Introduction

In this post we will go over how we can enable Envoy’s zone aware routing so that microservices within the same AZ can communicate with one another to reduce latency and having a second AZ as a failover.

Architecture overview

envoy az

  • We are communicating from Service-A to Service-B spread across two AZs.

Prerequisites

These are the prerequisites to enable zone aware routing:

  • local_cluster_name must be set to the source cluster.
  • Both definitions of the source and the destination clusters must have EDS type.
    • In this example, we will not be using the EDS type, we will stick to STRICT and STATIC_DNS type
  • Envoy must be launched with --service-zone option which defines the zone for the current host.

Cluster Name

As mentioned previously we will need to define the local_cluster_name in the envoy config:

cluster_manager:
  local_cluster_name: service-a

The above local_cluster_name is defined in Service-A. Similarly the local_cluster_name will change for Service-B.

Locality Config

This is the main component that should to be enabled in the cluster section along with region, zone and priority.

locality:
  region: us-east-1
  zone: us-east-1b
priority: 1

Based on the priority envoy will route requests to desired microservice spread across AZs. In this example we have set two priorities - 1 for the same AZ & 2 for different AZ.

Cluster block

- name: service-b
  connect_timeout: 10s
  type: STRICT_DNS
  lb_policy: ROUND_ROBIN
  load_assignment:
    cluster_name: service-b
    endpoints:
      - lb_endpoints:
        - endpoint:
            address:
              socket_address:
                address: service-b-az1
                port_value: 80
        locality:
          region: us-east-1
          zone: us-east-1a
        priority: 1
      - lb_endpoints:
        - endpoint:
            address:
              socket_address:
                address: service-b-az2
                port_value: 80
        locality:
          region: us-east-1
          zone: us-east-1b
        priority: 2

As you can see here, Service-B has two endpoints, one in AZ-1 and the other in AZ-2 when Service-A communicates with Service-B all requests will go to microservice present in AZ-1 because the priority for it is set to 1.
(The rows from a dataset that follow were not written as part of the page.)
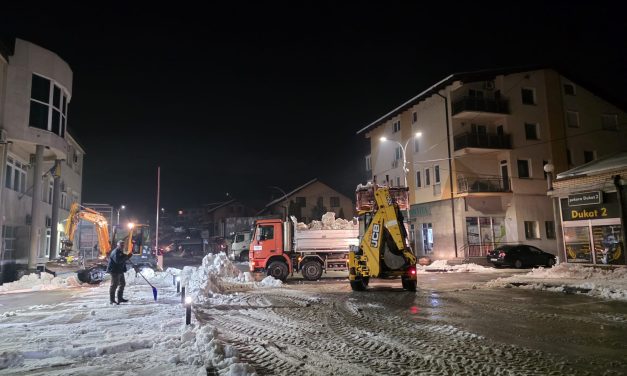 Čišćenje snijega i leda na području općine Kiseljak u tijeku – radovi se nastavljaju i večeras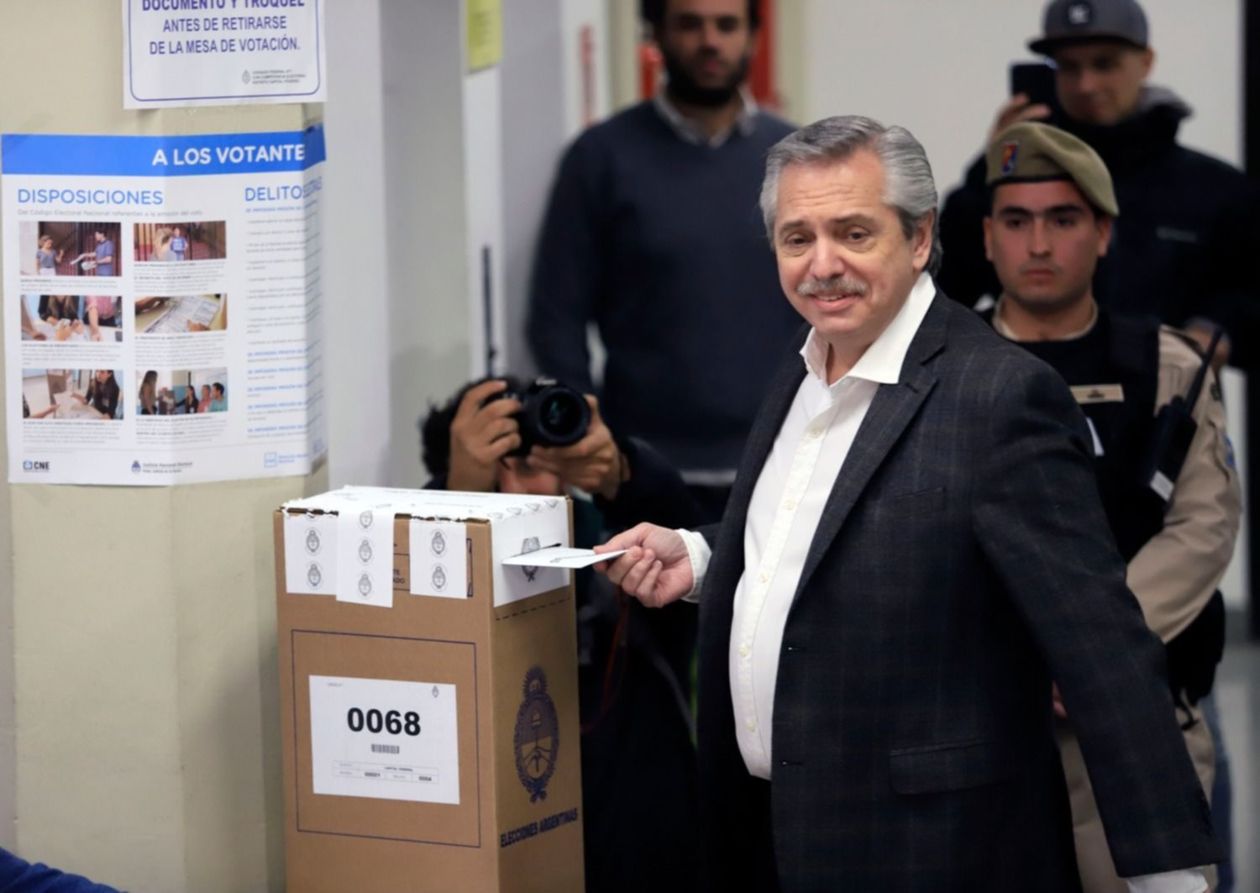 Fernandez vota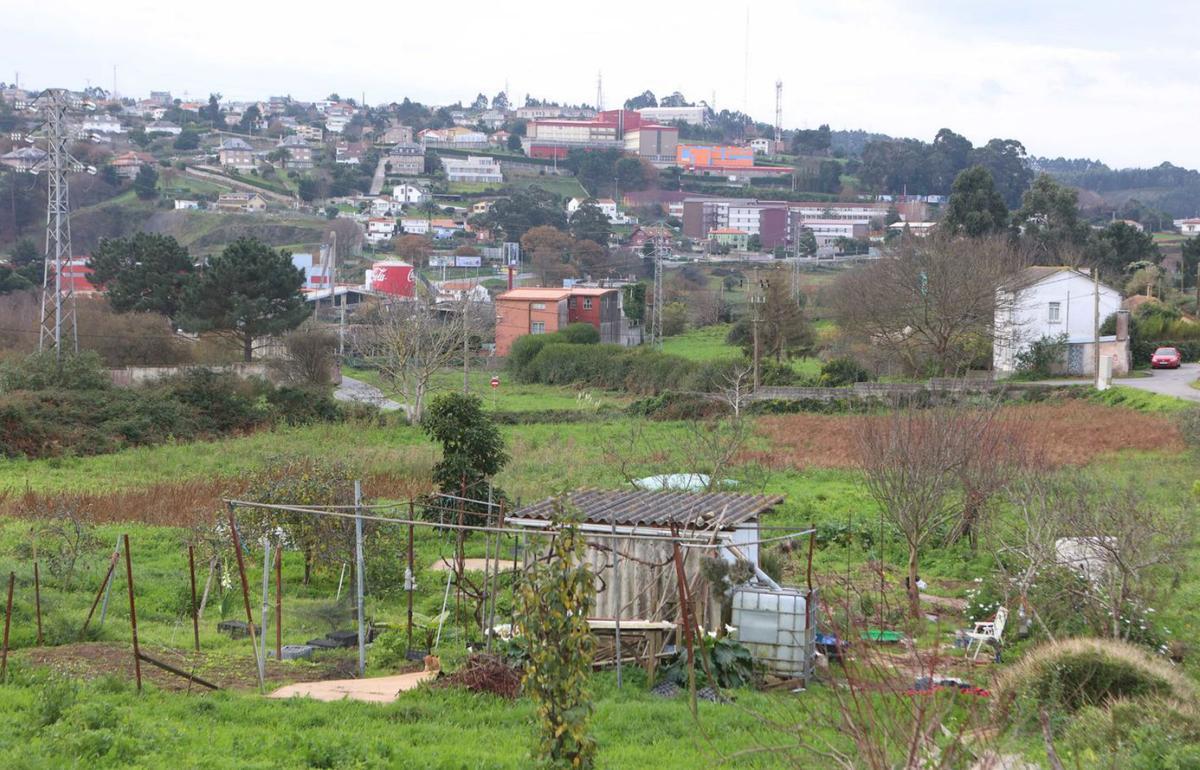 Casas y fincas en Monte Mero, donde se construirán más de 4.000 viviendas. |  Iago López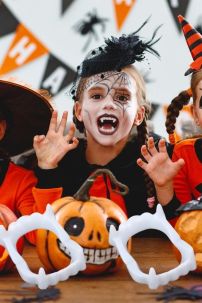 Siêu Rẻ - Răng Nanh Ma Cà Rồng Màu Trắng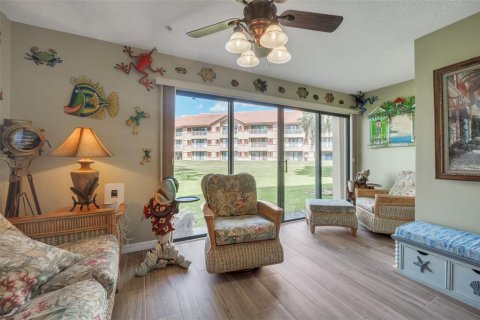 Condo in Welaka, Florida, 2 bedrooms  № 1379200 - photo 20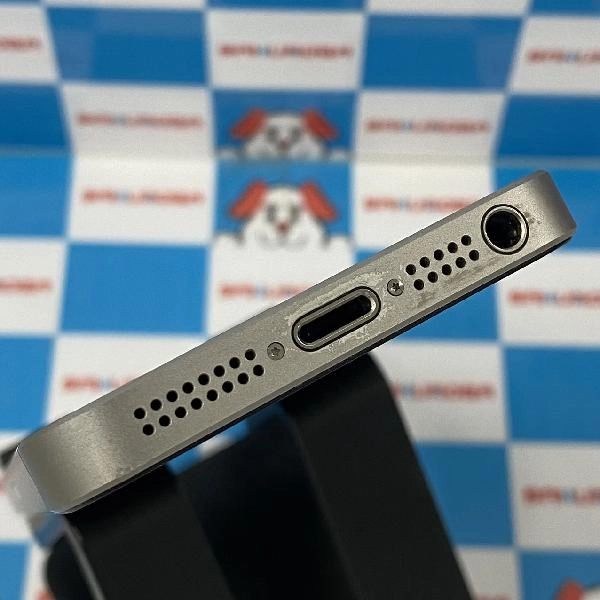 iPhoneSE au版SIMフリー 16GB MLLN2J/A A1723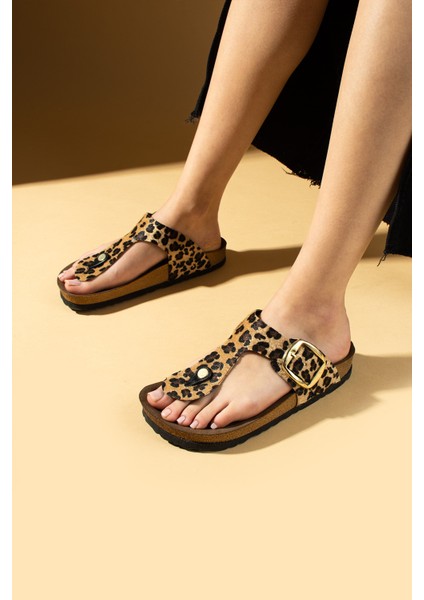 Parmak Arası Gold Tokalı Rahat Taban Kadın Terlik 011-710-25NUBUK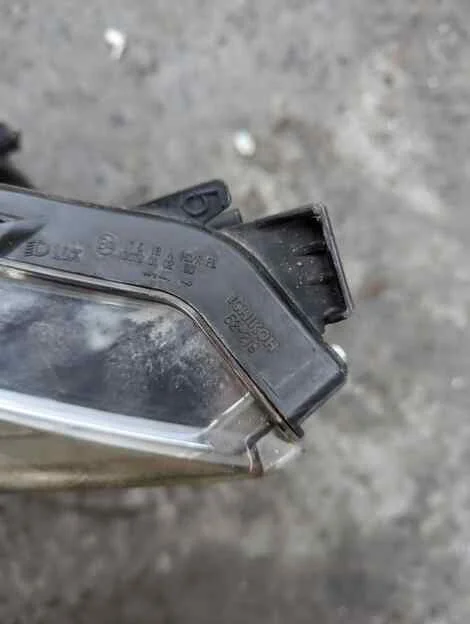 Фара Toyota Ractis NCP120 1NZ-FE Лев. Перед. - миниатюра 4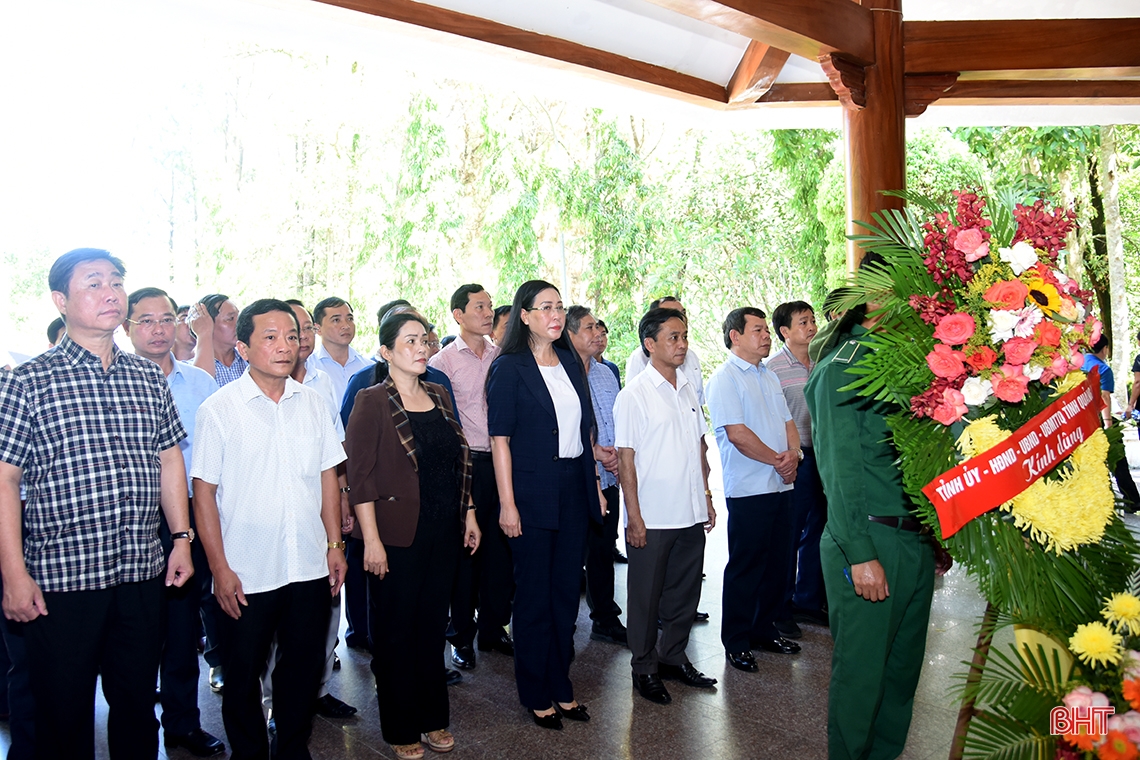 Đoàn công tác 2 tỉnh Ninh Bình, Quảng Ngãi tri ân các anh hùng liệt sỹ tại Ngã ba Đồng Lộc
If the priority is set to 1 for Service-B in AZ-2 then envoy will send requests to both the endpoints in a round robin fashion.

Putting it all together

Now let’s put all the individual blocks together:

cluster_manager:
  local_cluster_name: service-a
 
admin:
  access_log_path: /tmp/admin_access.log
  address:
    socket_address: { address: 0.0.0.0, port_value: 5555 }
 
static_resources:
  listeners:
  - name: service-a
    address:
      socket_address: { address: 0.0.0.0, port_value: 80 }
    filter_chains:
    - filters:
      - name: envoy.filters.network.http_connection_manager
        typed_config:
          "@type": type.googleapis.com/envoy.extensions.filters.network.http_connection_manager.v3.HttpConnectionManager
          stat_prefix: ingress_http
          access_log:
          - name: envoy.file_access_log
            typed_config:
              "@type": type.googleapis.com/envoy.extensions.access_loggers.file.v3.FileAccessLog
              path: "/var/log/service-a.log"
          codec_type: AUTO
          route_config:
            name: wildcard
            virtual_hosts:
            - name: wildcard
              domains: ["*"]
              routes:
              - match: { prefix: "/" }
                route: { cluster: service-a, timeout: 90s }
          http_filters:
          - name: envoy.filters.http.router
            typed_config:
              "@type": type.googleapis.com/envoy.extensions.filters.http.router.v3.Router 
  - name: service-b
    address:
      socket_address: { address: 0.0.0.0, port_value: 8082 }
    filter_chains:
    - filters:
      - name: envoy.filters.network.http_connection_manager
        typed_config:
          "@type": type.googleapis.com/envoy.extensions.filters.network.http_connection_manager.v3.HttpConnectionManager
          stat_prefix: ingress_http
          access_log:
          - name: envoy.file_access_log
            typed_config:
              "@type": type.googleapis.com/envoy.extensions.access_loggers.file.v3.FileAccessLog
              path: "/var/log/service-b.log"
          codec_type: AUTO
          route_config:
            name: wildcard
            virtual_hosts:
            - name: wildcard
              domains: ["*"]
              routes:
              - match: { prefix: "/" }
                route: { cluster: service-b, timeout: 90s }
          http_filters:
          - name: envoy.filters.http.router
            typed_config:
              "@type": type.googleapis.com/envoy.extensions.filters.http.router.v3.Router
  clusters:
  - name: service-a
    connect_timeout: 10s
    type: STATIC
    lb_policy: ROUND_ROBIN
    load_assignment:
      cluster_name: service-a
      endpoints:
      - lb_endpoints:
        - endpoint:
            address:
              socket_address:
                address: 0.0.0.0
                port_value: 8081
        locality:
          region: us-east-1
          zone: us-east-1a
  - name: service-b
    connect_timeout: 10s
    type: STRICT_DNS
    lb_policy: ROUND_ROBIN
    load_assignment:
      cluster_name: service-b
      endpoints:
        - lb_endpoints:
          - endpoint:
              address:
                socket_address:
                  address: service-b-az1
                  port_value: 80
          locality:
            region: us-east-1
            zone: us-east-1a
          priority: 1

        - lb_endpoints:
          - endpoint:
              address:
                socket_address:
                  address: service-b-az2
                  port_value: 80
          locality:
            region: us-east-1
            zone: us-east-1b
          priority: 2

Demo

zone awareness

  • First we send a curl call to Service-B via Service-A, due to the zone awareness config envoy sends requests to Service-B present in AZ-1.
  • After I stop the Service-B container in AZ-1, the requests automatically failover to Service-B in AZ-2.

Full example

Here is the link to the setup which was shown in the demo.

Conclusion

By using zone awareness routing, you can reduce latency between microservices and also keep all the data transfer within the same AZ.